Bees and barrages

One of the things I’m most proud about as your representative in Parliament is how strongly you feel about the environment. One of my jobs as Opposition Whip for the Shadow Environment team is to help challenge the government to honour international agreements on climate change and environmental protections. I’m regularly inspired by your questions, your campaigning, your activism. Many of you have written to me, for example, about your concerns about climate change, about species decline, or about air pollution, and you often link the different problems with solutions which could help with all of them. Here are two ways I’m working to do my bit!

Many of you have urged me to do as much as possible to protect bumblebees, as the populations of most species are declining dramatically. I’m proud to say I’ve now become the species champion for the Shrill Carder Bee (Bombus Sylvarum), working closely with the Bumblebee Conservation Trust and other wildlife organisations. The Shrill Carder Bee was common a century ago throughout the UK but it’s now confined to just a few areas in the South West, South Wales and the South East and risks becoming extinct.

Bumblebees are great pollinators and have a key role in producing much of our food; they also pollinate wildflowers that are the basis of complex food chains, feeding other wildlife. Declining populations will therefore affect our ability to grow crops, and generally undermine our whole ecosystem. So, expect to hear a lot about the Shrill Carder Bee from me over the coming years! You can find out more about the work of the Bumblebee Conservation Trust on their website: www.bumblebeeconservation.org

We also need to produce clean energy to start combating climate change. We have considerable expertise in this area right here in Bristol. I’ve recently met with local firms who are doing pioneering work to help harness tidal energy. And I’ve visited a test tidal turbine complex at Den Oever in the Netherlands to find out how the technology works and what challenges the industry faces.

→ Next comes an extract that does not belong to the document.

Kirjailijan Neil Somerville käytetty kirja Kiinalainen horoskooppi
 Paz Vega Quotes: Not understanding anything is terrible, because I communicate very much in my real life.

Our region has considerable potential to develop this green technology. The Severn Barrage and Swansea Bay Tidal Lagoon are two ideas that could provide a clean alternative in our energy supply. But they would need investment and government support to make tidal energy a viable source of power, and to care for the delicate ecosystems where they would be built.

I’ll continue to stand up for our environment in Parliament, and I hope you’ll continue sending me your questions and your ideas to help me do that.